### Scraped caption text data
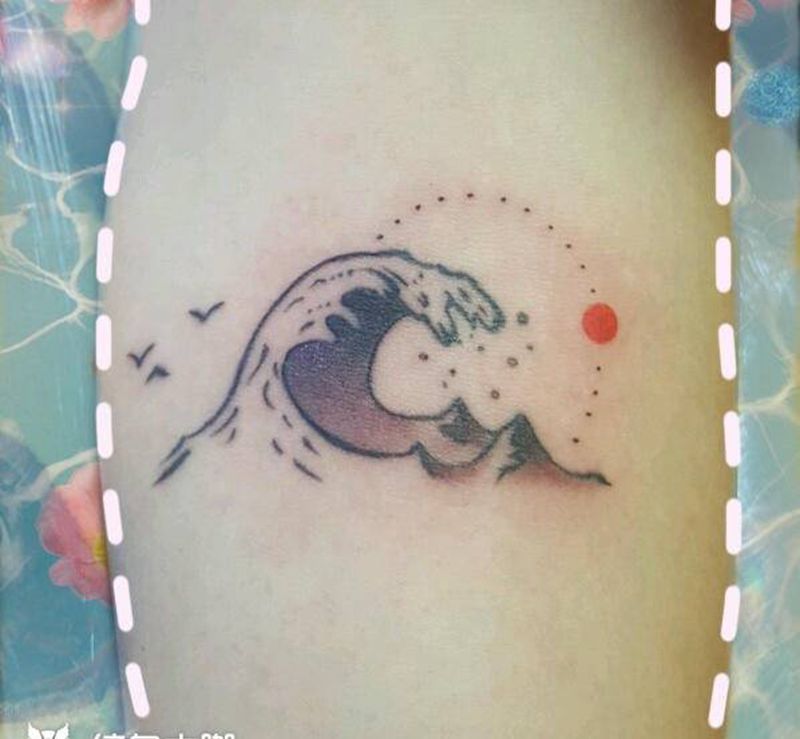 旭日东升纹身图片_手臂纹身图案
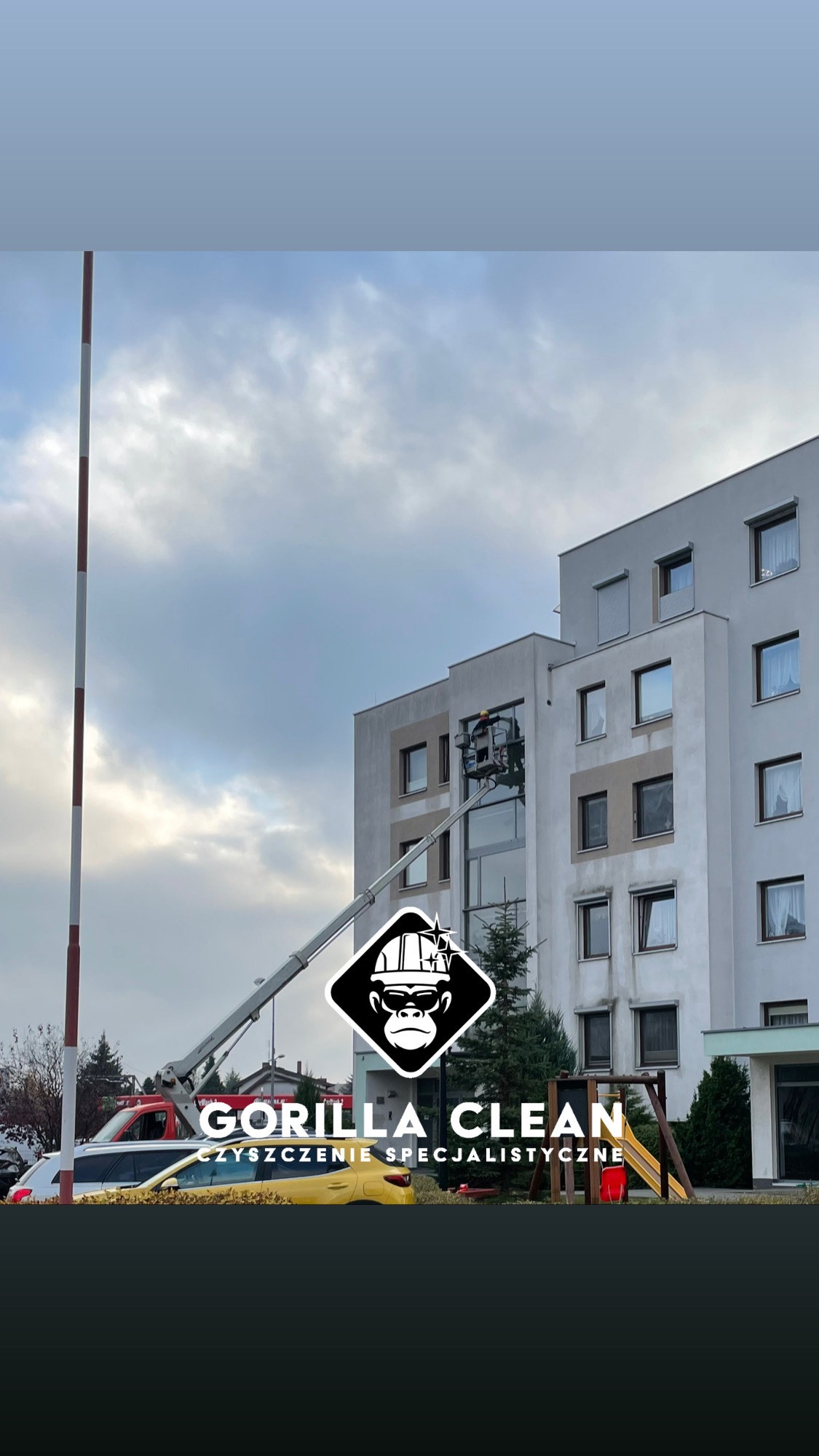 Pracownik na podnośniku koszowym czyści okna wysokiego budynku mieszkalnego, logo firmy Gorilla Clean w dolnej części kadru.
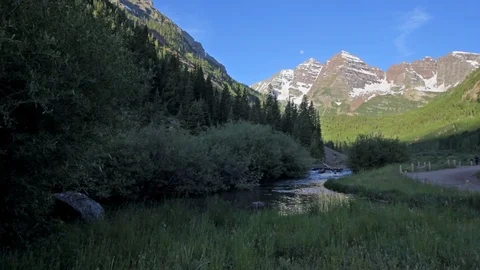 Maroon Bells panning panoramic view in Aspen, Colorado at sunny sunrise Stock Footage 120603909
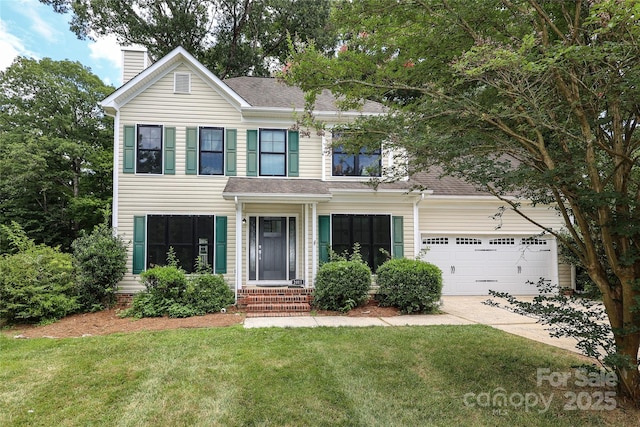 2011 Redwood Dr, Indian Trail, NC 28079 - traditional-style home featuring a chimney, a front lawn, concrete driveway, roof with shingles, and an attached garage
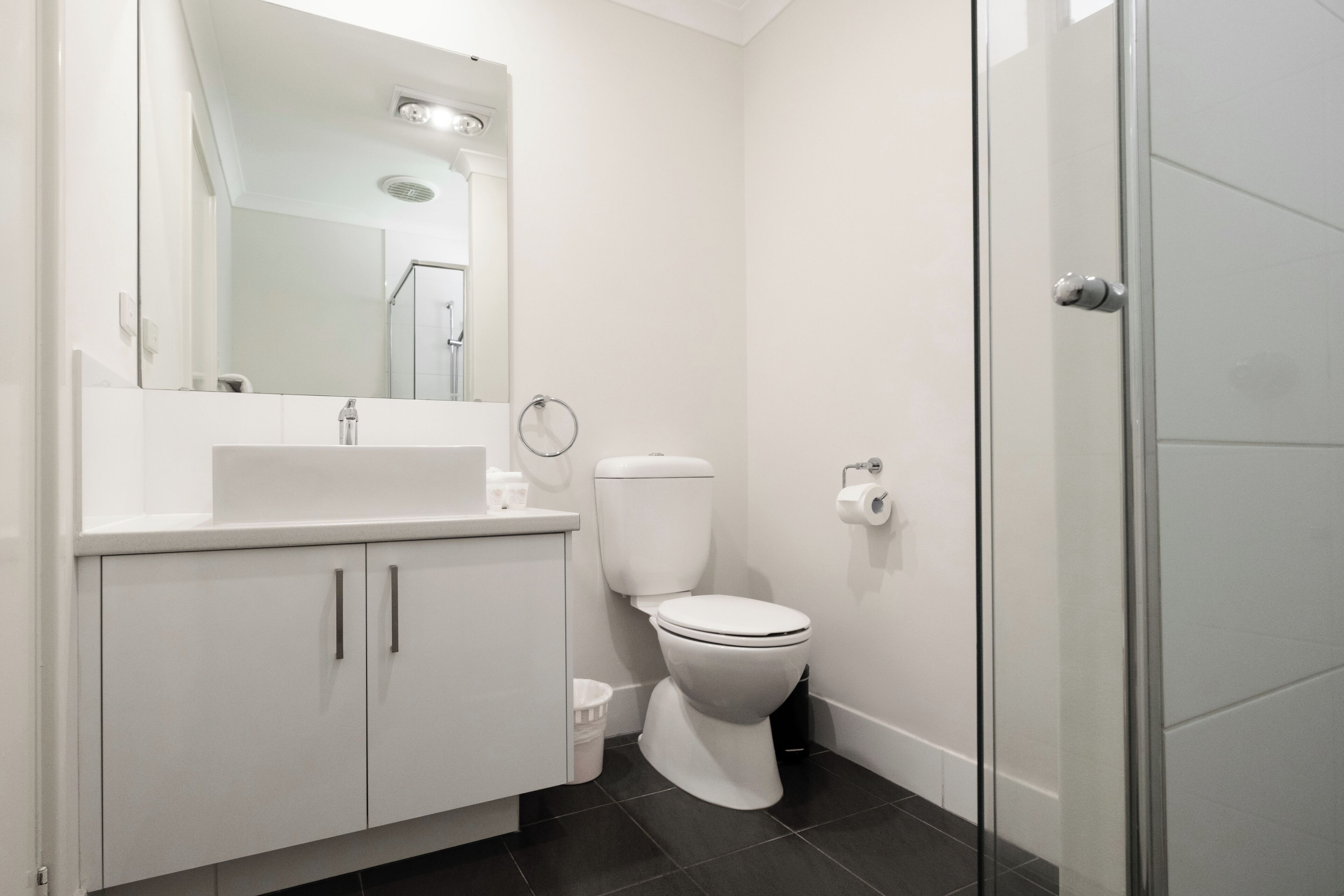 Ein modernes Badezimmer mit Waschbecken, Spiegel und Toilette in Weiß.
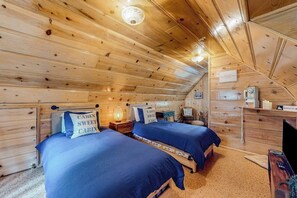 Ein schlicht eingerichtetes Schlafzimmer im Blockhausstil mit zwei Betten, Holzwänden, einer Deckenleuchte, einem Schreibtisch und einem Stuhl.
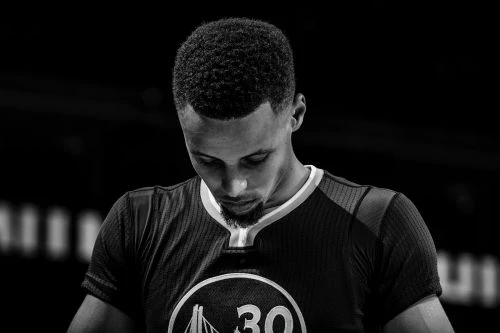 Monochrome portrait of a basketball player in his jersey with the number 30 looking down, captured with a medium shot in a studio.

### The task
Only the records, copied exactly and free of pictures, belong in the answer.

### Reply
 旭日东升纹身图片_手臂纹身图案
 Pracownik na podnośniku koszowym czyści okna wysokiego budynku mieszkalnego, logo firmy Gorilla Clean w dolnej części kadru.
 Maroon Bells panning panoramic view in Aspen, Colorado at sunny sunrise Stock Footage 120603909
 2011 Redwood Dr, Indian Trail, NC 28079 - traditional-style home featuring a chimney, a front lawn, concrete driveway, roof with shingles, and an attached garage
 Ein modernes Badezimmer mit Waschbecken, Spiegel und Toilette in Weiß.
 Ein schlicht eingerichtetes Schlafzimmer im Blockhausstil mit zwei Betten, Holzwänden, einer Deckenleuchte, einem Schreibtisch und einem Stuhl.
 Monochrome portrait of a basketball player in his jersey with the number 30 looking down, captured with a medium shot in a studio.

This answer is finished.